AVAILABLE DATA:
= = = = =

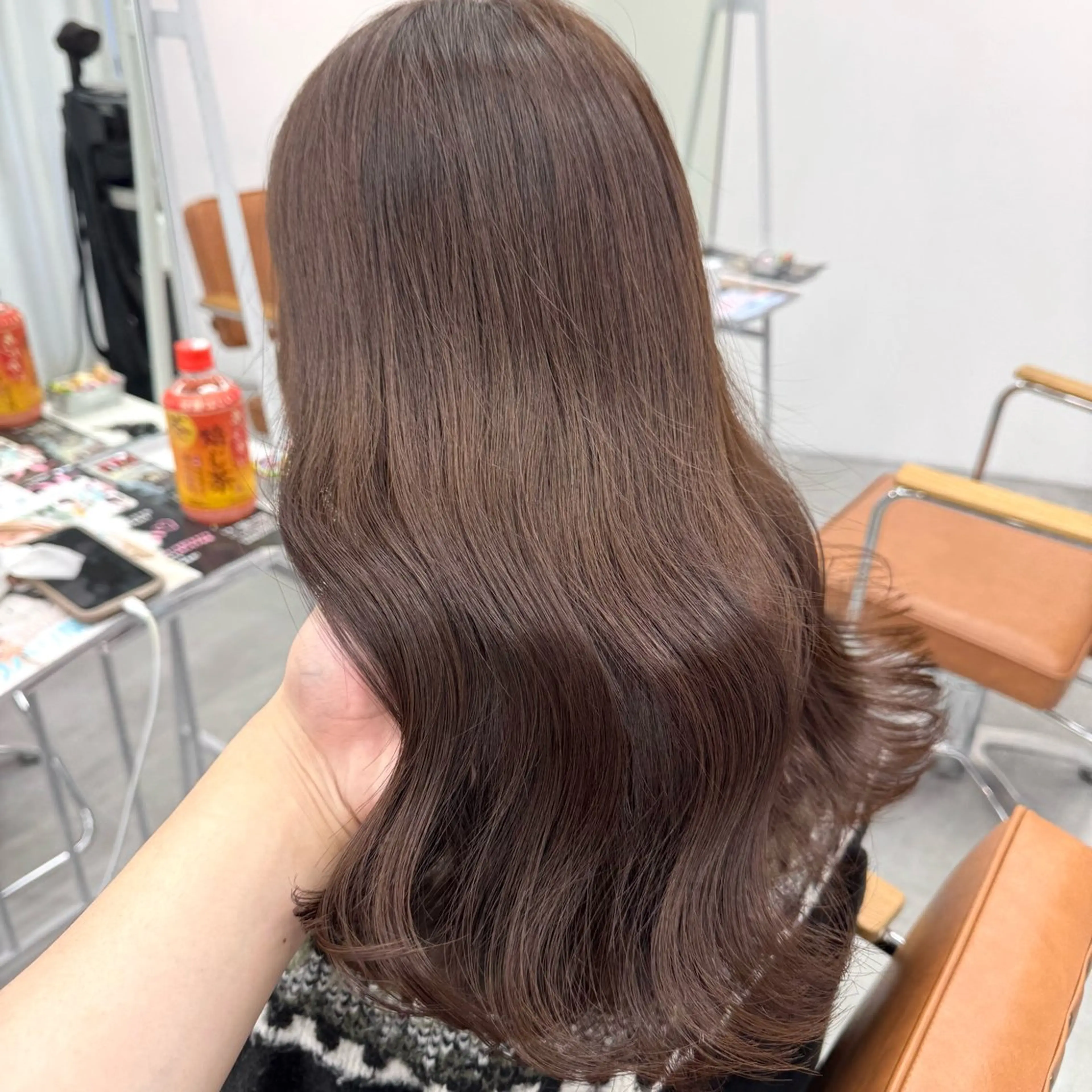 セミロング カラー ヘアアレンジ ヘアカラー ブリーチなしカラー /新百合ヶ丘/安形翔のヘアスタイル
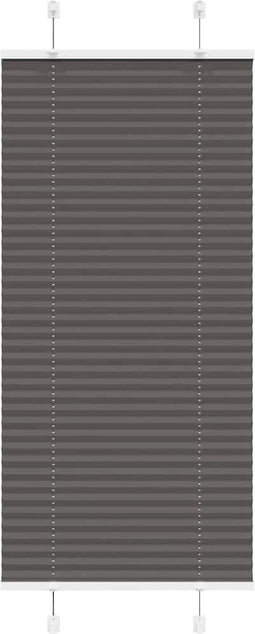 vidaXL - Plissé - rolgordijn - 60x150 - cm - stofbreedte - 59,4 - cm - polyester - zwart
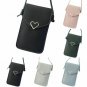Cross-body Touch Screen Cell Phone Wallet Shoulder Bag PU Leather Pouch Black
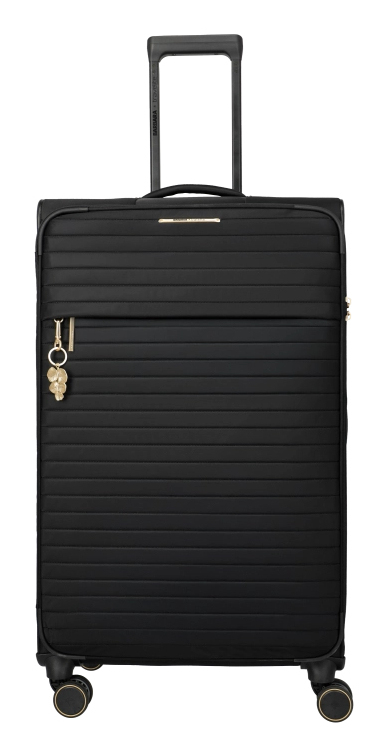 Travelite BARBARA STEPP Karre Harte Schale Schwarz 88 l Nylon, Recyceltes Polyester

= = = = =

Retype the listing exactly and drop the pictures.

EXERCISE RESULT:
 セミロング カラー ヘアアレンジ ヘアカラー ブリーチなしカラー /新百合ヶ丘/安形翔のヘアスタイル
 vidaXL - Plissé - rolgordijn - 60x150 - cm - stofbreedte - 59,4 - cm - polyester - zwart
Cross-body Touch Screen Cell Phone Wallet Shoulder Bag PU Leather Pouch Black
 Travelite BARBARA STEPP Karre Harte Schale Schwarz 88 l Nylon, Recyceltes Polyester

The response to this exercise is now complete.